10 September 2020
Lies, Damned Lies and Coronavirus
Local Area Statistics
by David Chilvers
This week, we look at the local area statistics for COVID-19, which are becoming increasingly important as strategies focus more on local responses to any uplifts in local infection rates.
Each day, ONS produces updated data on its website covering the latest numbers of:
- Tests – numbers undertaken by pillar and capacity
- Cases – numbers of new cases
- Healthcare – number of hospital admissions, in hospital, on ventilators
- Deaths – number of those that have died within 28 days of a positive test
These metrics are typically available for the UK, by nation and by region. The data on number of cases is also available by upper and lower level local authority areas. Data for all metrics at all levels is graphed and can be downloaded into Excel spreadsheets. The number of weekly cases is also available for each MSOA (Middle level Super Output Area) in England, updated daily.
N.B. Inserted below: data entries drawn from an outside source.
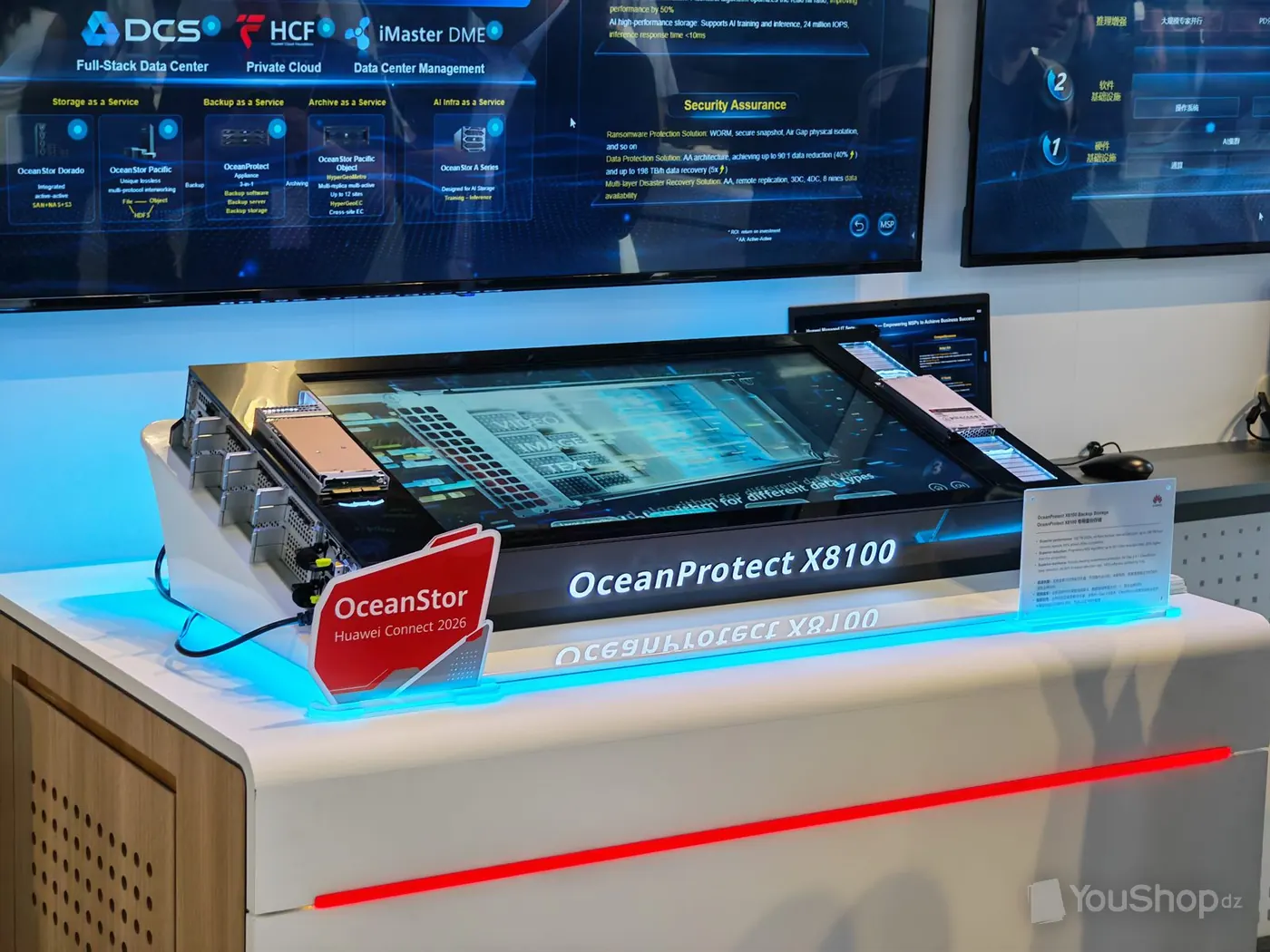 Châssis de sauvegarde Huawei OceanProtect X8100 exposé sur un pupitre sous deux écrans muraux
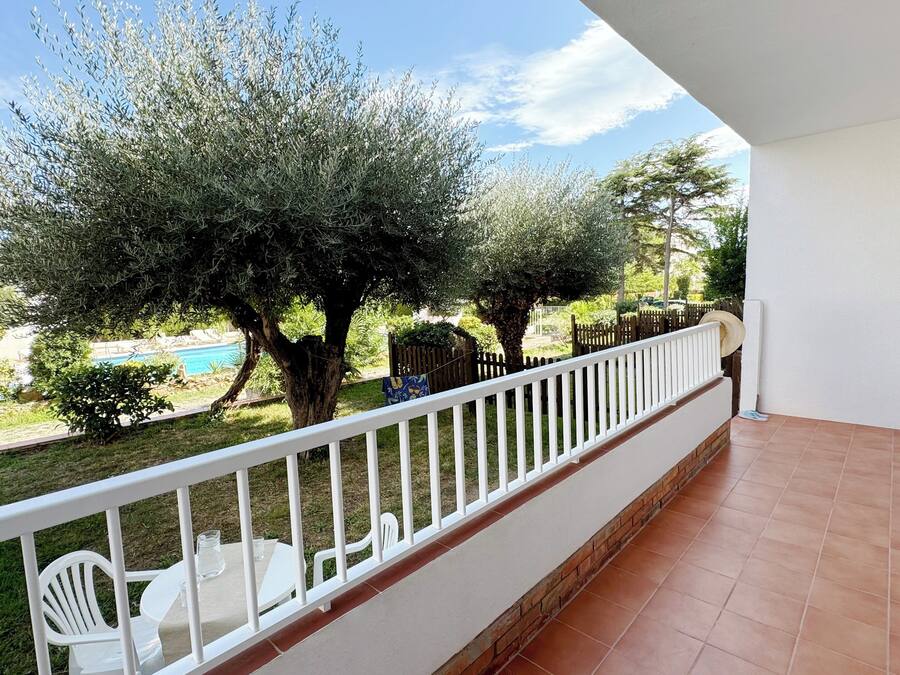 Un balcón con barandillas blancas, piso de baldosas y vistas a una piscina y árboles.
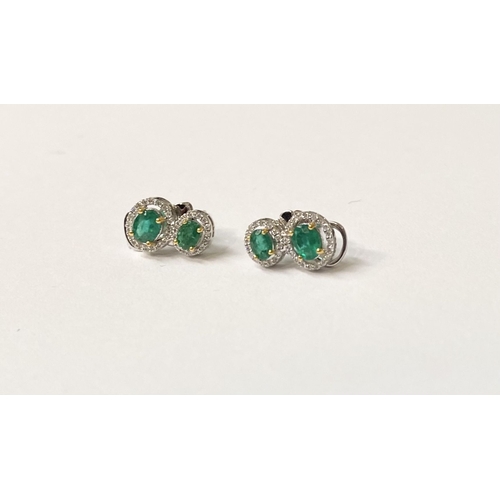 115 - A BEAUTIFUL PAIR OF HAND-AMDE 18CT WHITE GOLD EMERALD & DIAMOND EARRINGS, each with two oval cut eme... 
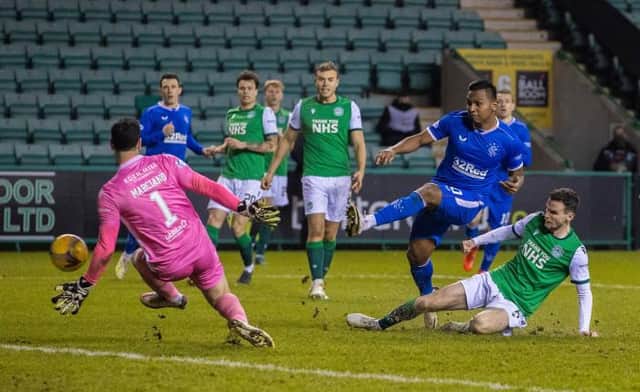 Alfredo Morelos mkes the breakthrough for Rangers at Easter Road as he guides a shot beyond Hibs goalkeeper Ofir Marciano. (Photo by Craig Williamson / SNS Group)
The availability of this data on a single site is a vast improvement on the situation earlier in the pandemic, where data was on lots of different sites and required intimate knowledge of the ONS and PHE site structure to locate what was required.
However, this centralisation of data has not been accompanied by a similar improvement in the quality or utility of the data, particularly at local area level. Concentrating on testing, regular readers will be aware that tests cover four pillars, only two of which really relate to tests for the current infection rates:
- Pillar 1: swab testing in Public Health England (PHE) labs and NHS hospitals
- Pillar 2: swab testing for the wider population – these tests are usually undertaken in drive in centres, mobile test centres or at home
The daily data in the downloadable files appears to reflect the published total at a UK level. But for nations, regions and local authority areas, the downloadable data does not match that shown in the headline figures. We suspect this is due to Pillar 2 data being aggregated quickly to provide a prompt UK figure and then subsequently analysed for lower level geographies so that the local data is only really accurate a few days later. Data for devolved nations may also only feed in subsequently. This is the data from the daily updates:
|Data for 04/08||UK||England||East||Chelmsford|
On 20th August, a change was made to the way daily data was published and this explains the change in the UK total (which as mentioned does not normally change). For England and the East of England, the numbers gradually increase over time. In essence, this means that at anything other than UK level , the data is of no real value and should not be published until all returns are available; otherwise the daily graph shows the number of cases reducing at anything other than UK level, but this is due to missing data rather than real reductions. It is hard to see how professional statisticians could countenance the publication of data knowing that it will be fundamentally altered over the next few days and possibly lead to erroneous conclusions.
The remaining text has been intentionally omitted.